Dies ist der Ort, an den die Arbeit von Frau Giese gehört, und auch der Ort, die Verdienste dieses scheinbar unspektakulären Bandes zu würdigen. Da eine Neuedition einstweilen riskant sein könnte, verlegt sich die Verfasserin darauf, alle entscheidenden Vorarbeiten für dieses Unternehmen zu liefern. Sie beschreibt die Entstehung des Werkes und seine verschiedenen Textfassungen, ausgehend von jener im Umfang umstrittenen, aber, wie sich zeigt, durchaus plausibel zu rekonstruierenden Urfassung der Vita Bernwardi über mehrere Zwischenstufen des 11. und 12. Jahrhunderts zunächst bis zur 1192 in Rom zur Kanonisation vorgelegten Überarbeitung. Teils daneben, vor allem aber danach entstanden bis in das 14. Jahrhundert hinein weitere Versionen der Lebensbeschreibung, zuletzt eine legendarische Textfassung, die zahlenmäßig häufig überliefert ist. Giese kommt auf insgesamt (mindestens) 11 verschiedene Redaktionen, die in 28 Handschriften überliefert sind.
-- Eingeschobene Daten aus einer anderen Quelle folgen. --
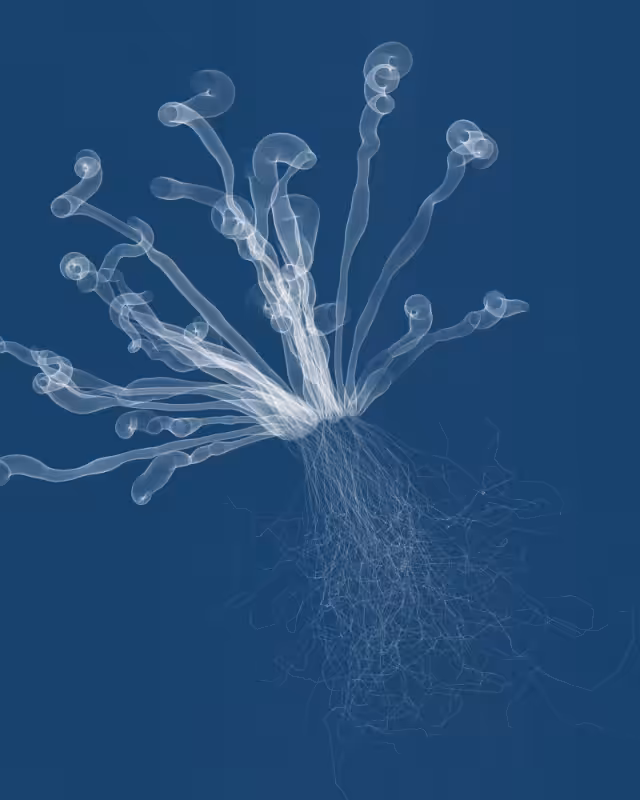 Cyanotypes #75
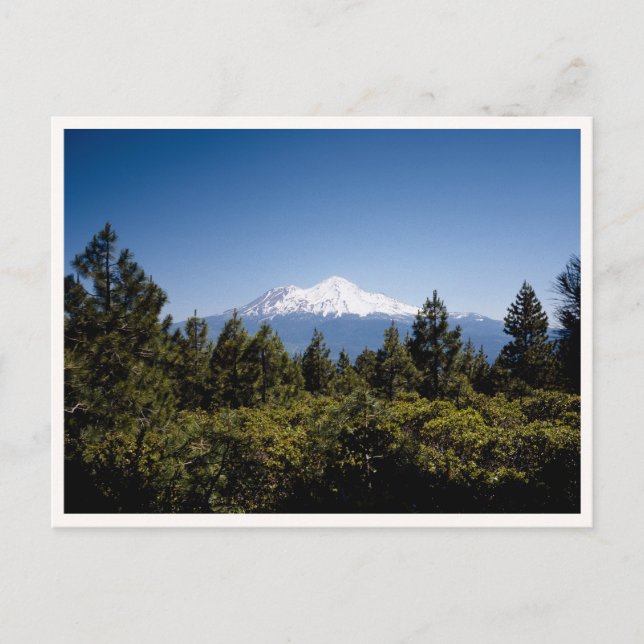 Postal Monte Ranier Washington Pacífico Noroeste (Anverso)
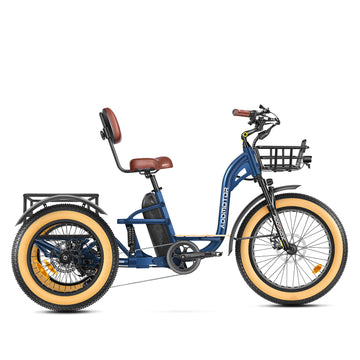 Grandtan X Full-Suspension Fat Tire Electric Trike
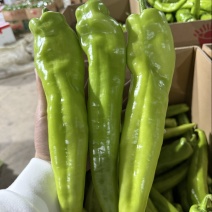 尖椒15~20厘米青微辣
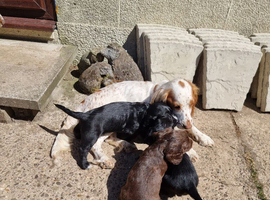 Cocker pup Molly still available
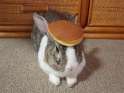 pancake bunny.jpg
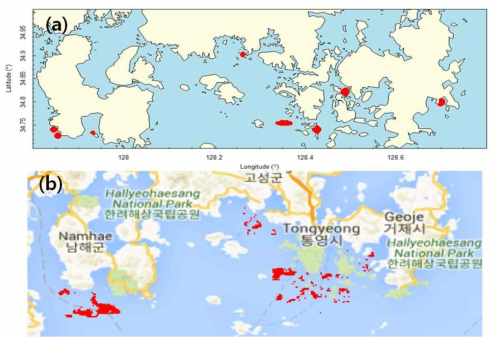 2014년 8월 22일의 Cocchlodinium 적조 분포. (a) 국립수산과학원 적조속보. (b) MODIS 영상에서 인공신경망 알고리듬으로 계산한 적조분포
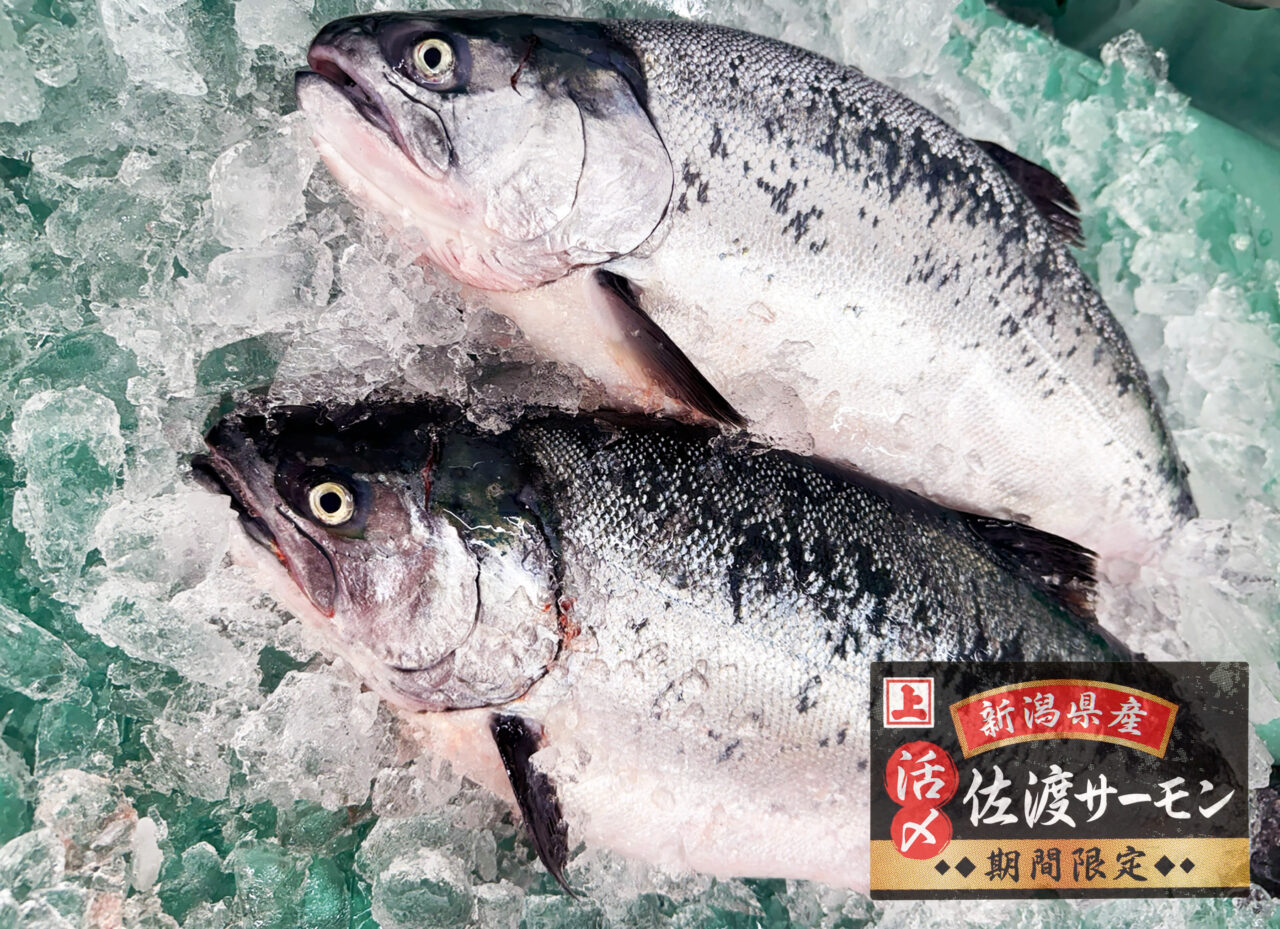 角上魚類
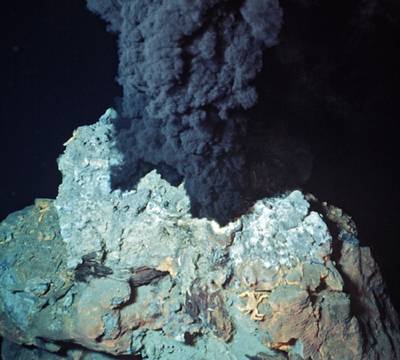 Photo courtesy of the Woods Hole Oceanographic Institution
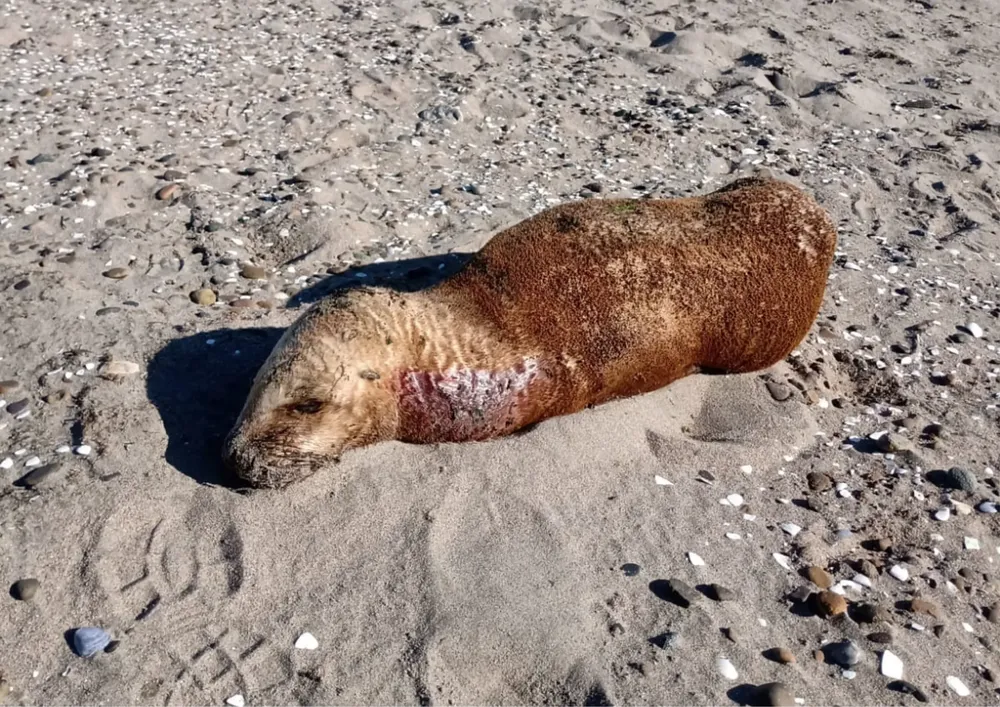 Lobito marino muerto por ataque de perros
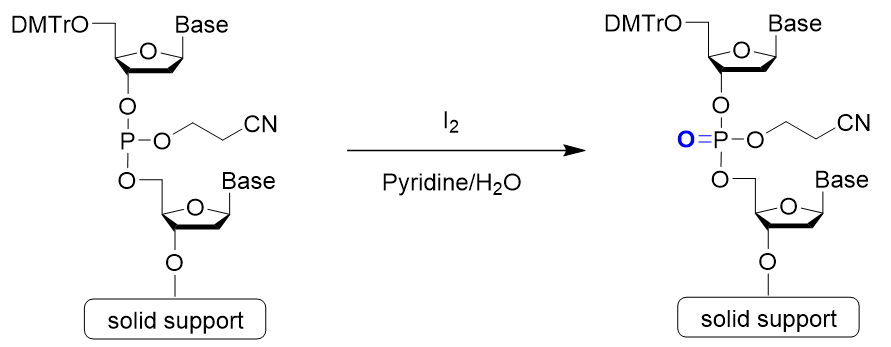 NucleicAcidChemistry_img07R.png
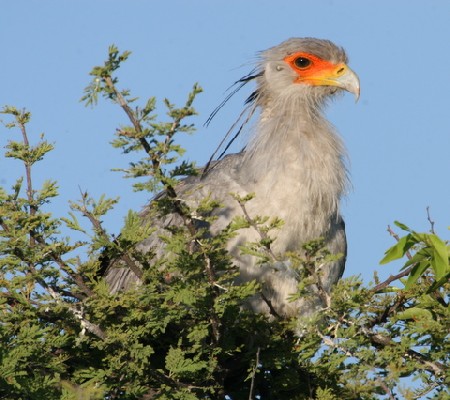 Secretary Bird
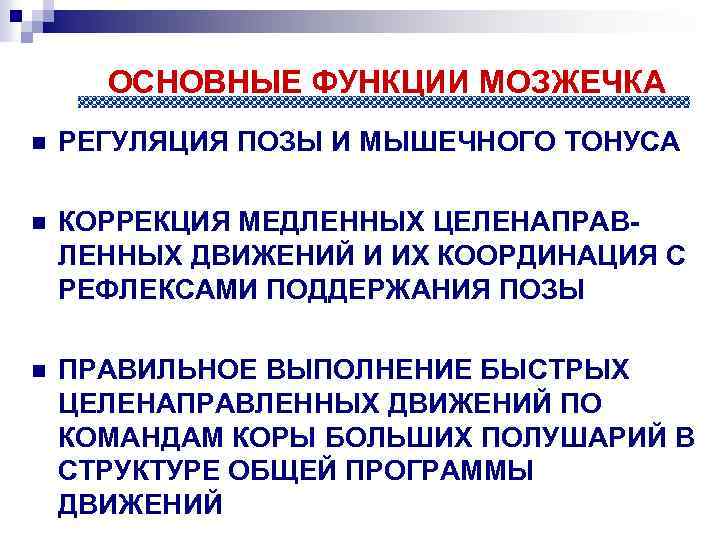 ОСНОВНЫЕ ФУНКЦИИ МОЗЖЕЧКА n РЕГУЛЯЦИЯ ПОЗЫ И МЫШЕЧНОГО ТОНУСА n КОРРЕКЦИЯ МЕДЛЕННЫХ ЦЕЛЕНАПРАВЛЕННЫХ ДВИЖЕНИЙ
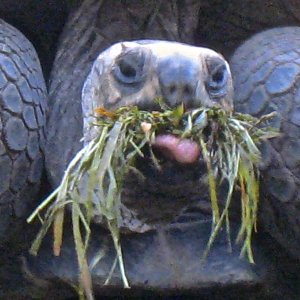 ALDABRA BREEDER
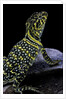 Crotaphytus collaris (collared lizard) by Anonymous
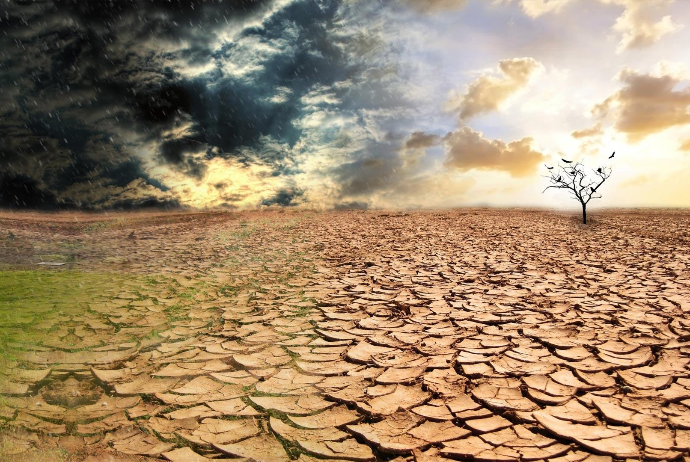 Azərbaycanda ilk dəfə: Əkin sahələrinin quraqlııqdan sığortasına hazırlıq başlayıb - MÜSAHİBƏ | FED.az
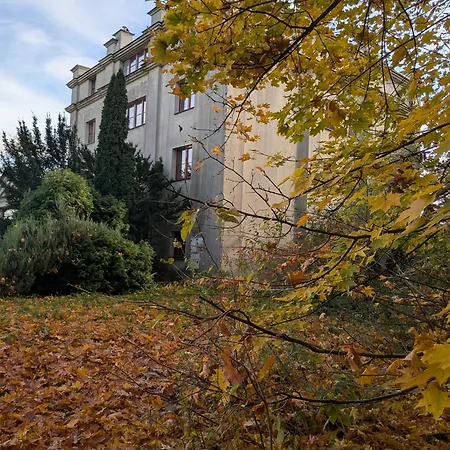 Zielona - Sauna! ゲストハウス パシュクフカ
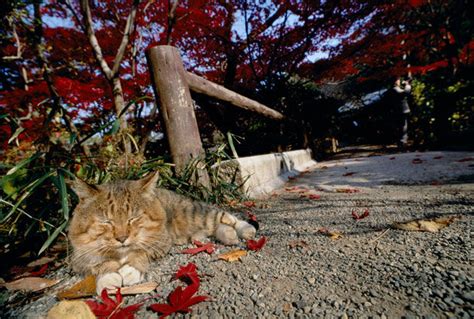 Animal Photographer Mitsuaki Iwago Discusses ‘how To Photograph Cats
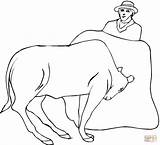 Bull Coloring Bullfighter Pages Bulls Brahman Angus Matador Color Supercoloring Man Designlooter Template Printable Online 19kb 160px sketch template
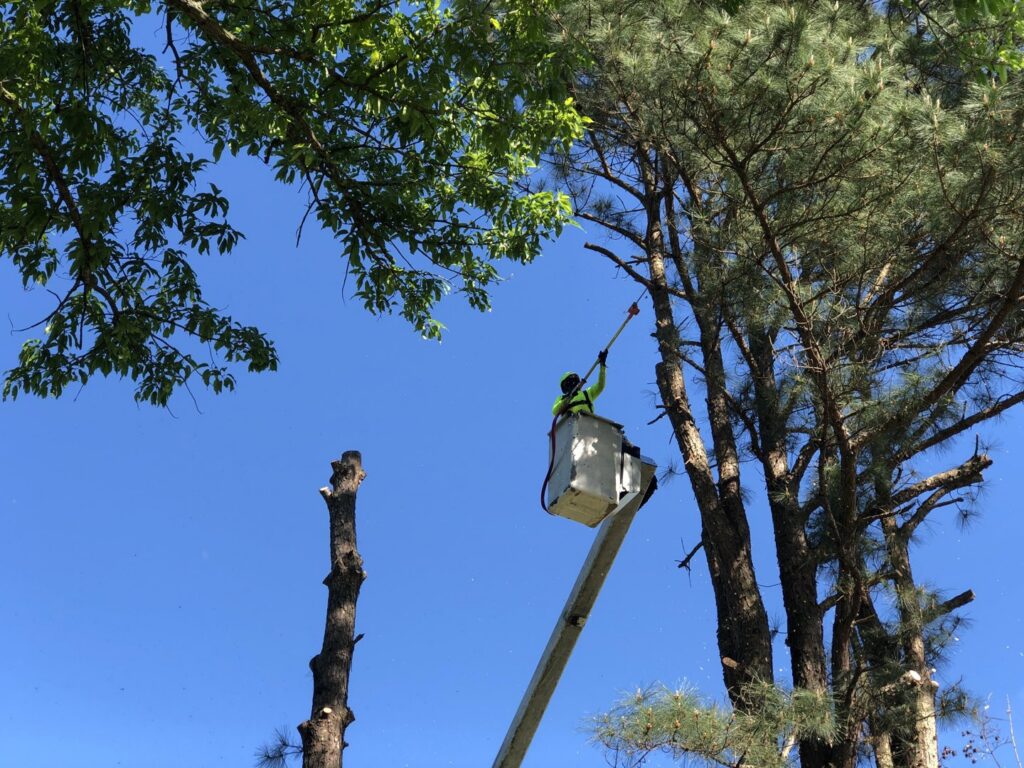 A worker in a bucket truck using a pole saw to trim tall tree branches for Munoz Tree & Lawn Service in Little Rock, AR.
Auch "die" Vita Bernwardi wird auf diese Weise zum lebenden, immer wieder veränderten, erweiterten und verkürzten Text, den neu zu edieren umso mehr lohnt, weil die Überlieferung wesentlich vielschichtiger ist, als dies bisher erkennbar war. Man sollte, so Gieses berechtigte Forderung, deswegen auch eben nicht mehr von "der" Vita Bernwardi sprechen, sondern deutlich machen, dass es sich um einen mehrfach veränderten Text mit einer komplizierten, in ihren Verästelungen aber durchaus reizvollen Überlieferungsgeschichte handelt.
Die Stärke des Bändchens ist die skrupulöse Untersuchung der handschriftlichen Grundlage dieses Textkomplexes. Giese ist bemerkenswert uneigennützig, wenn sie Handschrift für Handschrift nennt, beschreibt und zueinander in Beziehung setzt, denn der sichtbare Erfolg dieser Tätigkeit wäre normalerweise eben die Neuedition, die zu bearbeiten derzeit unmöglich ist. Nach ihrer gelungenen Neuedition der Quedlinburger Annalen (2004) hat sie ihre Qualitäten mit der vorliegenden Untersuchung einmal mehr unter Beweis gestellt, und man möchte sich wünschen, von ihr bald die nun endgültig fällige Neuedition der Lebensgeschichte Bernwards von Hildesheim zu lesen. Einstweilen wird man die zahlreichen, in die Arbeit eingestreuten Editionsteile benutzen können, die vor allem die 1841 nicht veröffentlichten Versionen der Lebensbeschreibung zu Worte kommen lassen.
Der alleinige Hinderungsgrund für die vollständige Neuedition bleibt ebenjener Hans Jakob Schuffels, der seit fast vier Jahrzehnten von einem Projekt nicht lassen mag, das zu Ende zu bringen ihm unmöglich zu sein scheint.